## [Raw data]

%%

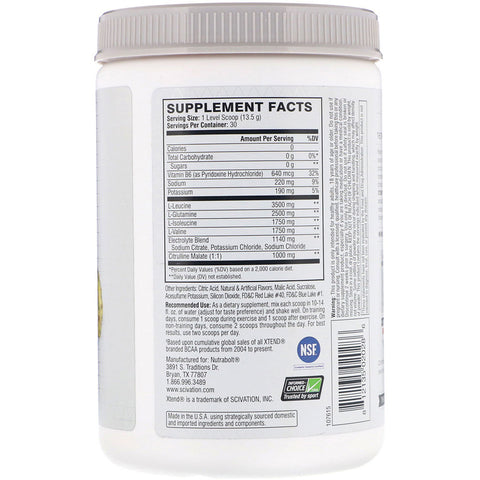 Xtend The Original 7G BCAA, Knockout Fruit Punch, 14.3 oz (405 g) - 30 Servings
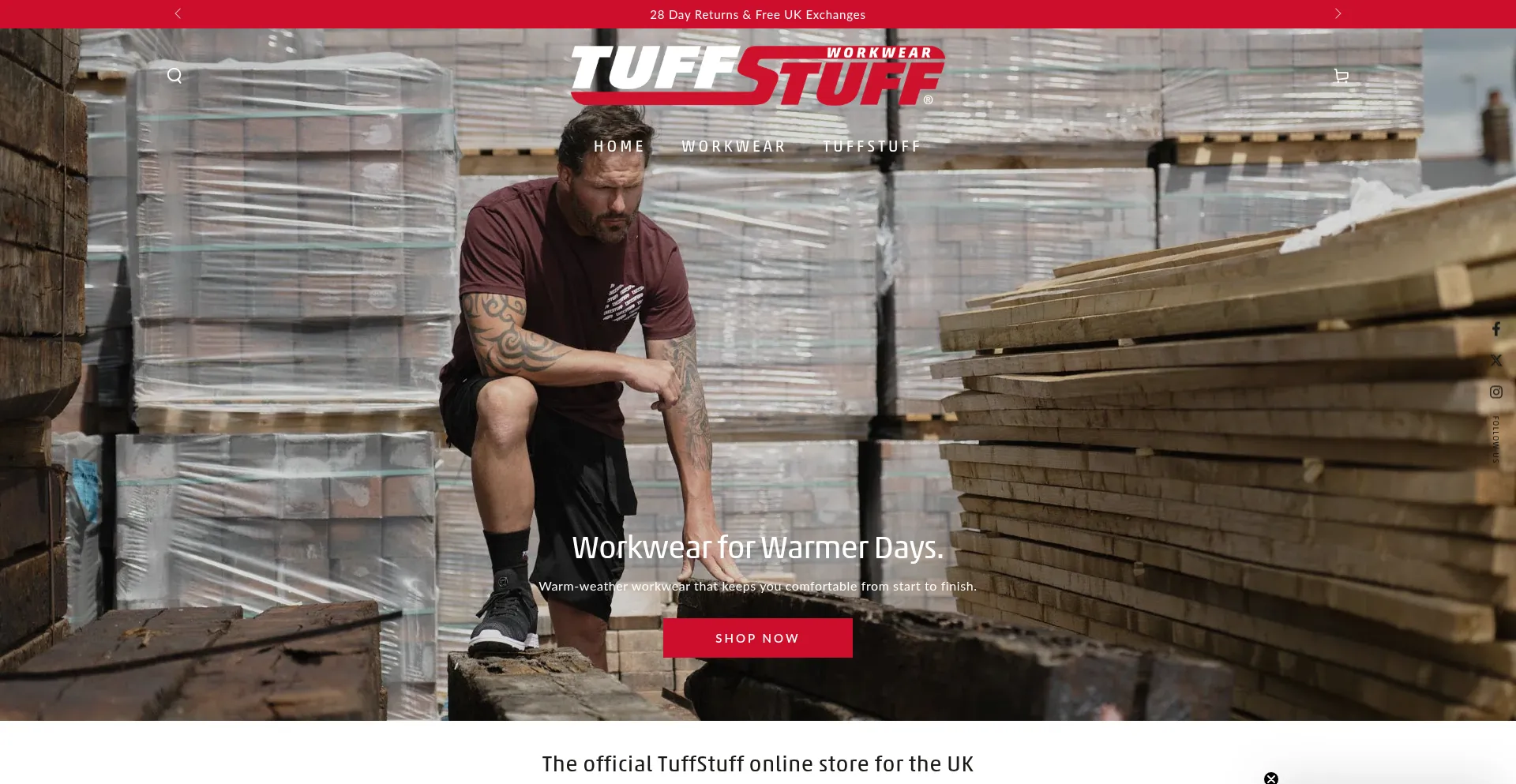 Website screenshot of Tuffstuffworkwear.co.uk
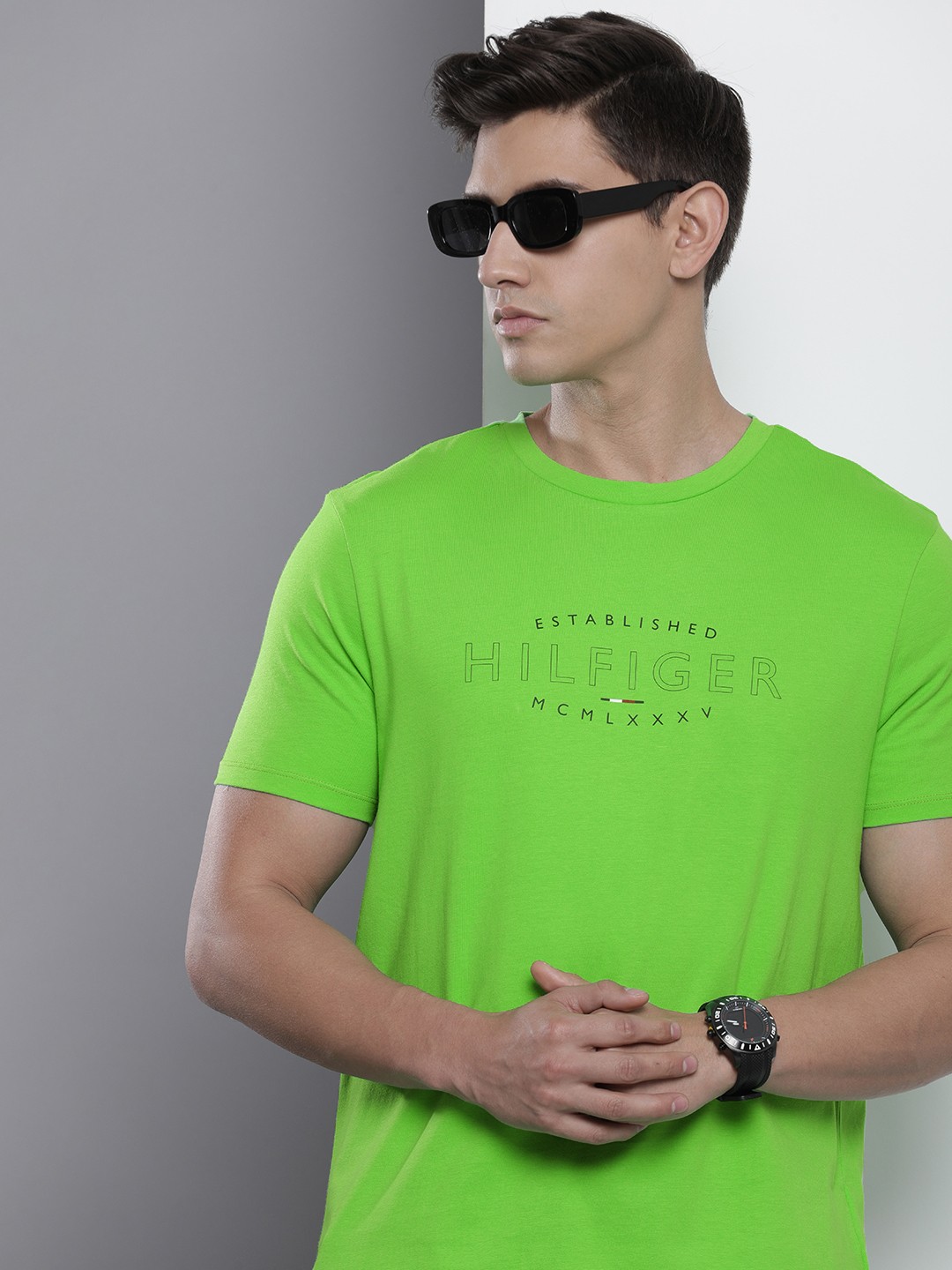 Tommy Hilfiger Typography Printed Pure Cotton T-shirt, Green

%%

## [What the task requires]
Set down all of the material above exactly as written, leaving the pictures out.

## [Worked solution]
 Xtend The Original 7G BCAA, Knockout Fruit Punch, 14.3 oz (405 g) - 30 Servings
 Website screenshot of Tuffstuffworkwear.co.uk
 Tommy Hilfiger Typography Printed Pure Cotton T-shirt, Green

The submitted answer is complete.